Section: New Results

Parallel and Distributed Computing

The scalability of multithreaded applications on current multicore systems is hampered by the performance of lock algorithms, due to the costs of access contention and cache misses. In an article published in ACM Transactions on Computer Systems (TOCS), we present a new locking technique, Remote Core Locking (RCL) [10] , that aims to accelerate the execution of critical sections in legacy applications on multicore architectures. The idea of RCL is to replace lock acquisitions by optimized remote procedure calls to a dedicated server hardware thread. RCL limits the performance collapse observed with other lock algorithms when many threads try to acquire a lock concurrently and removes the need to transfer lock-protected shared data to the hardware thread acquiring the lock because such data can typically remain in the server's cache. Other contributions presented in this article include a profiler that identifies the locks that are the bottlenecks in multithreaded applications and that can thus benefit from RCL, and a reengineering tool that transforms POSIX lock acquisitions into RCL locks. Eighteen applications were used to evaluate RCL: the nine applications of the SPLASH-2 benchmark suite, the seven applications of the Phoenix 2 benchmark suite, Memcached, and Berkeley DB with a TPC-C client. Eight of these applications are unable to scale because of locks and benefit from RCL on an x86 machine with four AMD Opteron processors and 48 hardware threads. By using RCL instead of Linux POSIX locks, performance is improved by up to 2.5 times on Memcached, and up to 11.6 times on Berkeley DB with the TPC-C client. On a SPARC machine with two Sun Ultrasparc T2+ processors and 128 hardware threads, three applications benefit from RCL. In particular, performance is improved by up to 1.3 times with respect to Solaris POSIX locks on Memcached, and up to 7.9 times on Berkeley DB with the TPC-C client.

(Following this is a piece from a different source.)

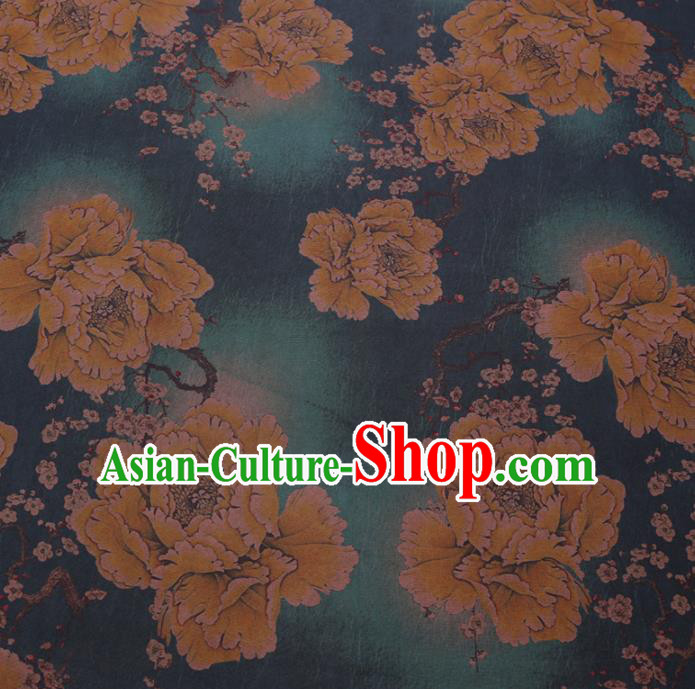 Chinese Cheongsam Classical Yellow Peony Pattern Design Watered Gauze Fabric Asian Traditional Silk Material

Software Transactional Memory (STM) is an optimistic concurrency control mechanism that simplifies parallel programming. Still, there has been little interest in its applicability for reactive applications in which there is a required response time for certain operations. In an article published in ACM Transactions on Parallel Computing (TOPC) [11] , we propose supporting such applications by allowing programmers to associate time with atomic blocks in the forms of deadlines and QoS requirements. Based on statistics of past executions, we adjust the execution mode of transactions by decreasing the level of optimism as the deadline approaches. In the presence of concurrent deadlines, we propose different conflict resolution policies. Execution mode switching mechanisms allow meeting multiple deadlines in a consistent manner, with potential QoS degradations being split fairly among several threads as contention increases, and avoiding starvation. Our implementation consists of extensions to a STM runtime that allow gathering statistics and switching execution modes. We also propose novel contention managers adapted to transactional workloads subject to deadlines. The experimental evaluation shows that our approaches significantly improve the likelihood of a transaction meeting its deadline and QoS requirement, even in cases where progress is hampered by conflicts and other concurrent transactions with deadlines.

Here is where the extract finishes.